Please, without any pictures, set down exactly the part of the listing below that opens with the line containing "Sunstone Intégrale T01" and closes with the line containing "Expert Playground Design".

• Entries provided
===============
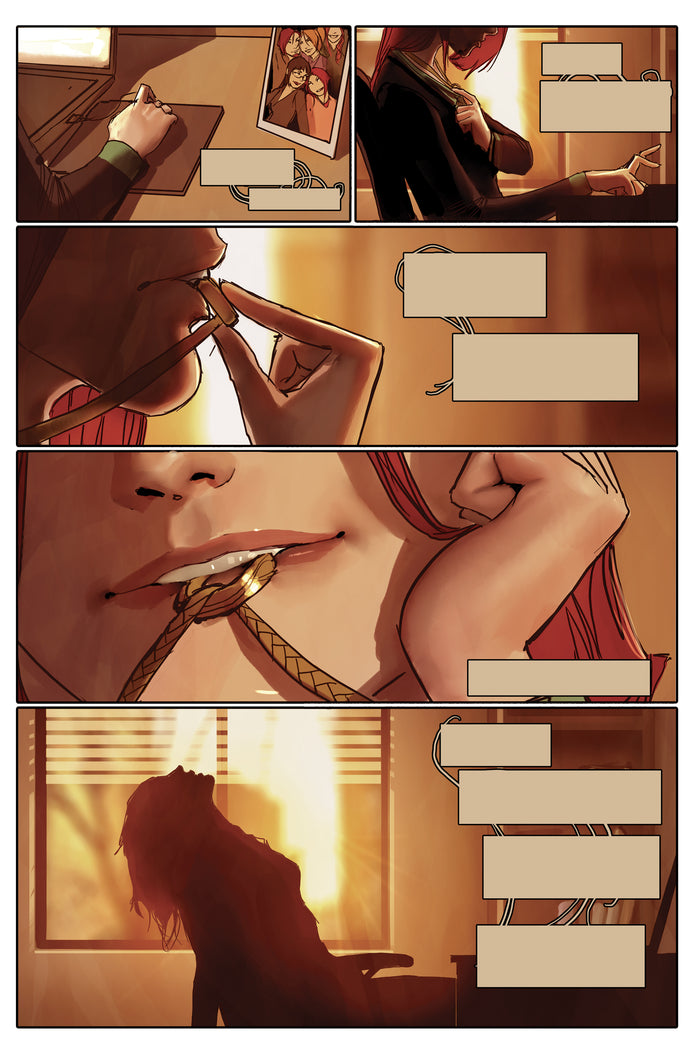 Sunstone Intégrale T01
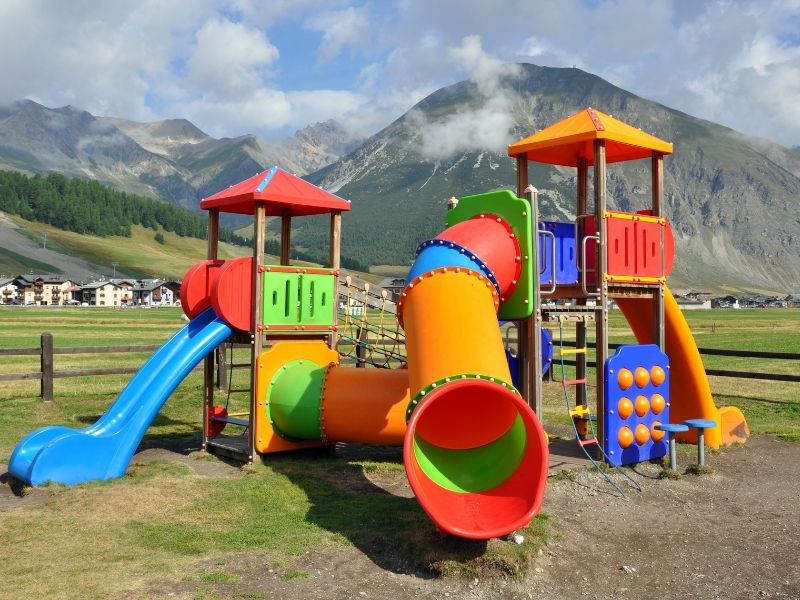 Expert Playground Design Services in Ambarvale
===============
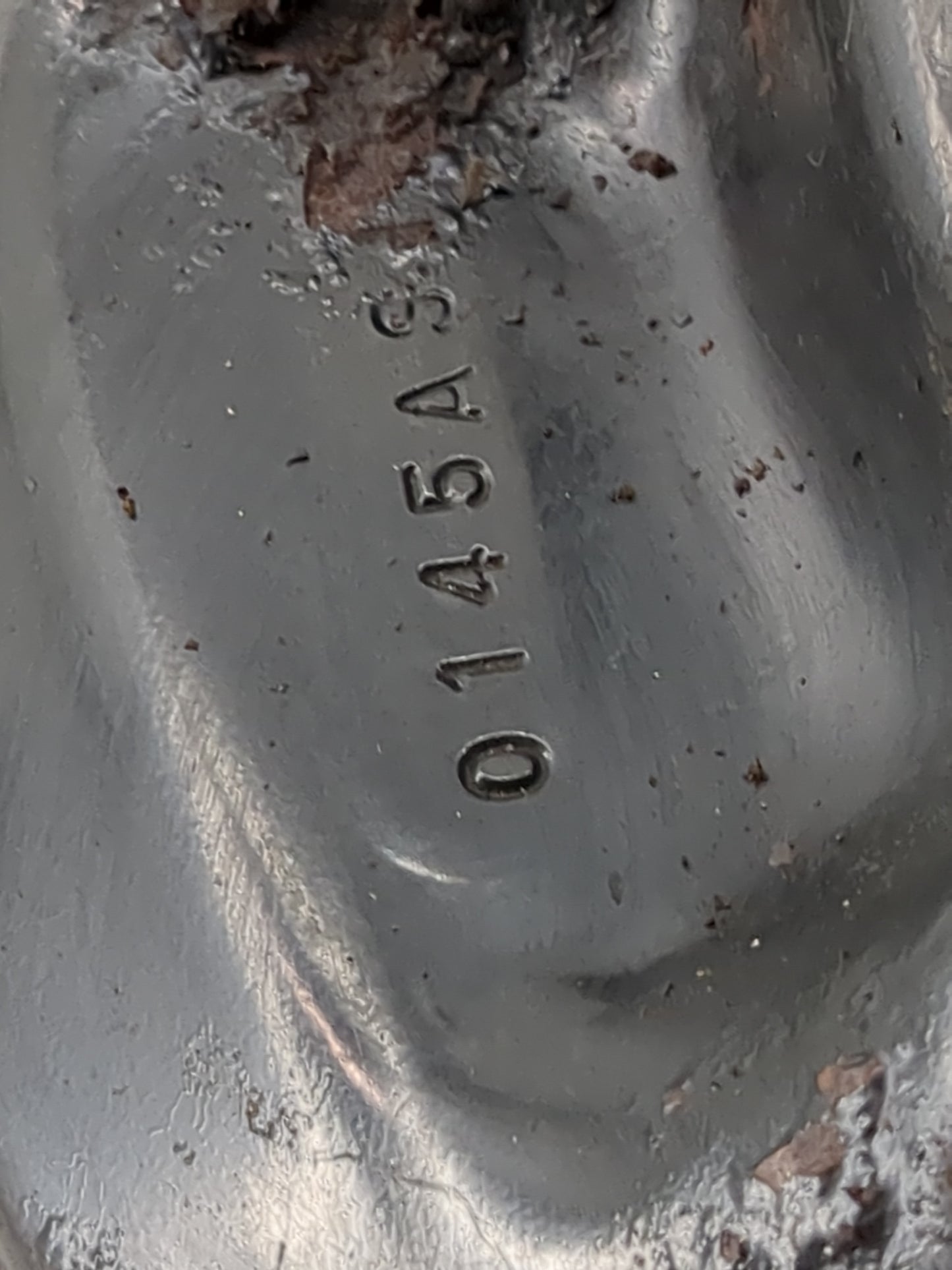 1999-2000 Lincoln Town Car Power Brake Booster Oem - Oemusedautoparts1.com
===============
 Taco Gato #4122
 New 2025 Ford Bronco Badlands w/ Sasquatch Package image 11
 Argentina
===============
• Solution to the problem
 Sunstone Intégrale T01
 Expert Playground Design Services in Ambarvale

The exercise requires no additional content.